Perhaps the most memorable journey occurred during a diplomatic pouch run. A project required materials to be delivered the following day, leaving very little room for delay. I woke up at 0400, loaded the diplomatic pouch into the back of the Cube, and began the drive from Wellington to Auckland. After arriving, I spent roughly forty-five minutes completing the delivery and handling a few additional tasks before immediately turning around and driving all the way back to Wellington. By the time I arrived home it was around 2200. The next day I had another appointment that I couldn’t miss, so spending the night in Auckland wasn’t an option. It was a long day by any standard, yet the Cube never became part of the problem.

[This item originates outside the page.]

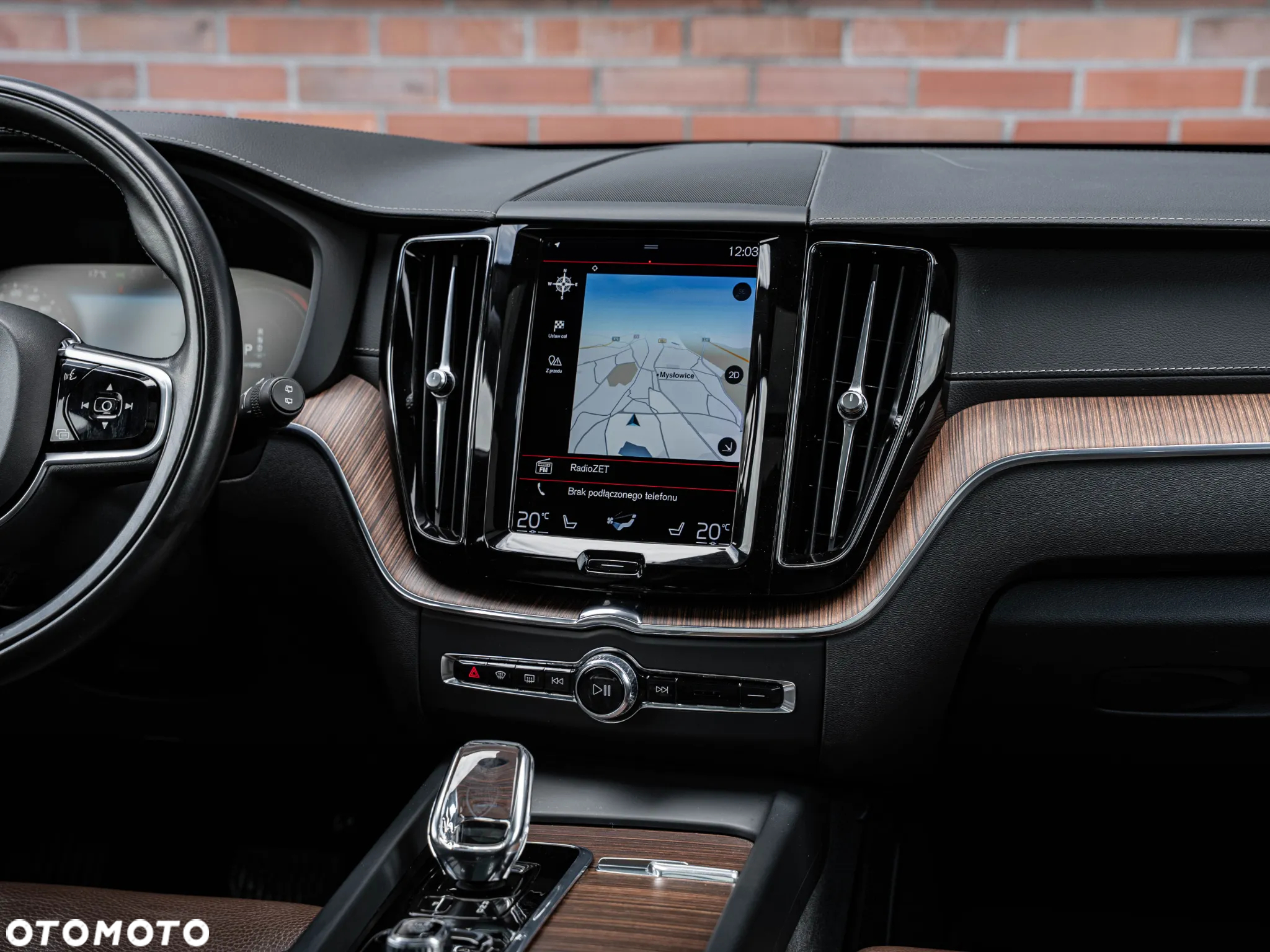 Volvo XC 60 T6 AWD Plug-In Hybrid Inscription - 33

It simply did what it had always done: start, run, and get the job done.
That phrase has become central to how I think about the vehicle. Just like me, the Cube gets the job done. It doesn’t seek attention. It doesn’t need recognition. It simply performs the task in front of it and moves on to the next one. Looking back, I realize that’s probably why I’ve remained loyal to the platform for so many years. The Cube and I seem to share the same philosophy. Neither of us is interested in making a dramatic entrance. We simply show up, handle our responsibilities, and keep moving forward.
Even today, the vehicle continues to surprise me. Despite its age, it still returns fuel economy figures that many larger and newer vehicles struggle to achieve. Gas prices may rise and fall, but the Cube remains remarkably economical to operate. Even when I spend part of my lunch break sitting inside with the air conditioning running while I play video games, the vehicle still averages more than twenty-five miles per gallon. On road trips, that figure climbs even higher, sometimes exceeding twenty-seven miles per gallon. Considering everything the vehicle has endured throughout its life, those numbers remain impressive.
Recently, while joking about my long history with the Cube, I realized that the vehicle reminded me of someone unexpected: Rick Astley. The comparison sounds absurd until you think about it for a moment. Rick Astley’s most famous song contains a promise that has somehow endured for decades. “Never gonna give you up. Never gonna let you down.” The more I considered my experiences with the Cube, the more appropriate the comparison became. Through scorching deserts, cross-country road trips, diplomatic assignments, changing continents, and countless ordinary days, the Cube has consistently honored that same promise. It has never given up. It has never let me down.
In an automotive world increasingly obsessed with performance numbers, luxury features, and technological gimmicks, there is something refreshing about a vehicle that succeeds through reliability alone. The Cube will never be mistaken for an exotic supercar. It will never dominate auction headlines or become the centerpiece of a prestigious collection. Yet it accomplished something many far more expensive vehicles never achieve. It earned complete trust. After all these years, across multiple countries and climates, that trust remains intact. And honestly, that’s about the highest compliment I can give any automobile.